A contrario, le discours du cinéaste a reçu un large soutien de la part de l’organisation d’anciens combattants israéliens Breaking the Silence, souligne The Guardian.«Glazer n’a pas “nié sa judéité”, comme certains l’ont apparemment mal compris. Il a pris une position sans équivoque contre l’utilisation cynique du judaïsme et de l’Holocauste au nom de la justification de l’occupation. Ces « malentendus » ne sont pas nouveaux», a-t-elle estimé sur les réseaux. «Nous refusons d’accepter la facilité avec laquelle le sang et la vie des civils sont utilisés comme justification d’idéologies politiques ou comme monnaie d’échange. L’empathie n’est pas un jeu à somme nulle», enchérit-elle.

Le réalisateur oscarisé n’est pas le seul artiste à avoir effectué des déclarations antiguerres sur des scènes engrangeant une large audience. Parmi eux, le rappeur Ghali au festival de San Remo, en février dernier.
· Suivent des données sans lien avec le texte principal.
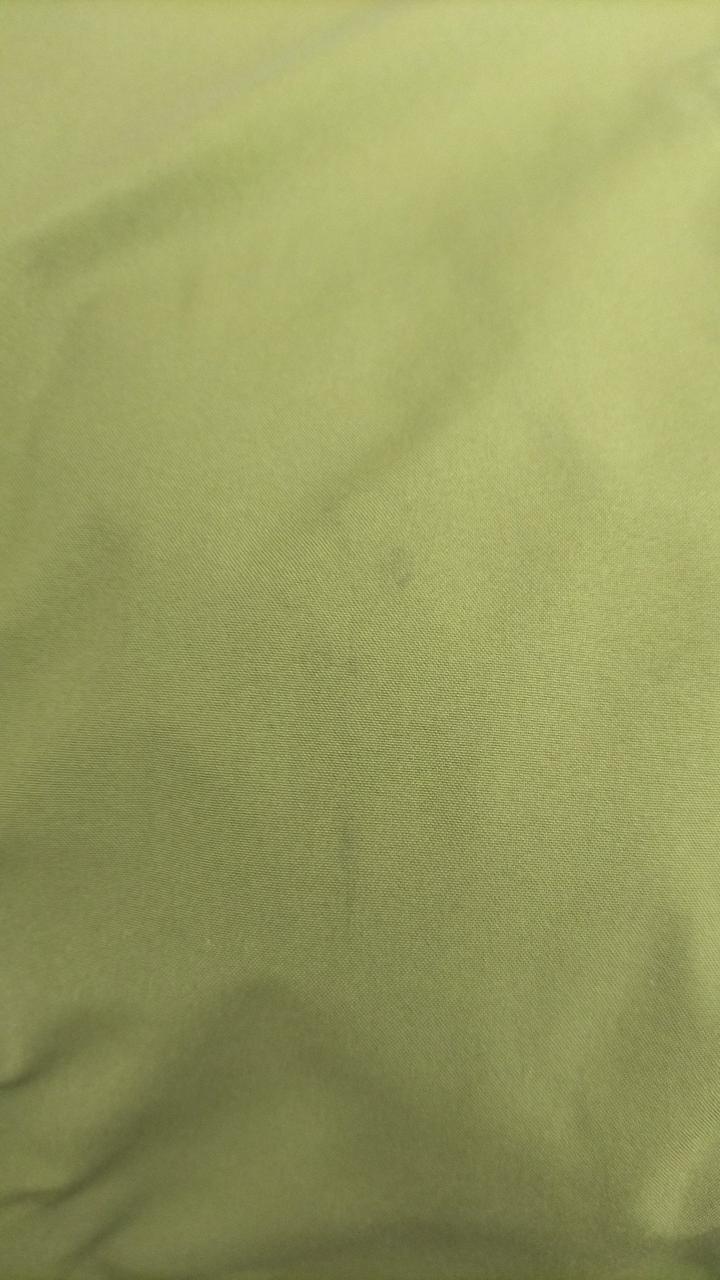 胸元汚れ有り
Devant des millions de spectateurs, réunis pour la 74e édition du grand rendez-vous de la variété italienne, la star italo-tunisienne lançait les mots «Stop au génocide» après sa prestation sur scène, embrasant la toile jusqu’aux hautes sphères.

Quelques jours plus tard, le festival de cinéma de Berlin s’est également retrouvé au centre d’une polémique, accusé d’avoir servi de plateforme pour des déclarations antisémites de metteurs en scène lors de la remise des prix , le 24 février, en lien avec la guerre d’Israël contre le Hamas. La controverse a été alimentée notamment par des déclarations de cinéastes, lors de la cérémonie du palmarès, accusant Israël de génocide en raison des bombardements qui ont fait près de 30.000 morts à Gaza, en majorité des civils, selon le décompte du Hamas. Contrairement à Jonathan Glazer, ces metteurs en scène n’ont pas mentionné que l’offensive israélienne avait été déclenchée par une attaque sans précédent menée en Israël le 7 octobre dernier par le Hamas, entraînant la mort de plus de 1160 personnes, en majorité des civils. C’est le cas notamment du cinéaste américain Ben Russel, qui est monté sur la tribune en portant un foulard palestinien et en accusant Israël de génocide.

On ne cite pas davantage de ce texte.